[Information supplied]
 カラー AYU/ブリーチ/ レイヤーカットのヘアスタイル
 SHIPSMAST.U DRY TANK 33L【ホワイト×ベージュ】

* * *

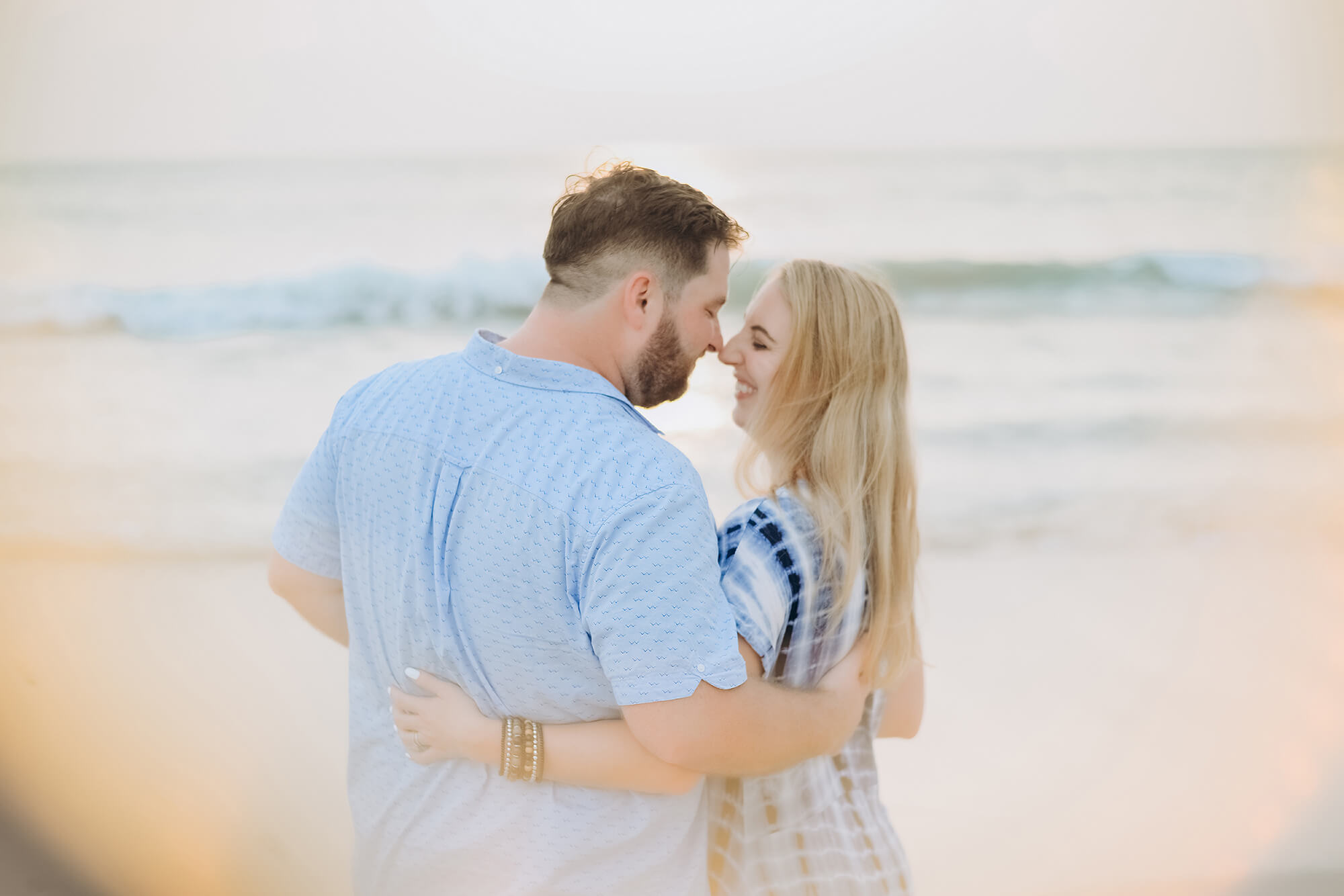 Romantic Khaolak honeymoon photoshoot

[Exercise objective] Search the listing above for the lines with "カラー AYU/ブリーチ/ レイヤーカットのヘアスタイル" and "SHIPSMAST.U DRY TANK 33L【ホワイト×ベージュ】", then output those lines and all lines between them exactly.

[Exercise response]
 カラー AYU/ブリーチ/ レイヤーカットのヘアスタイル
 SHIPSMAST.U DRY TANK 33L【ホワイト×ベージュ】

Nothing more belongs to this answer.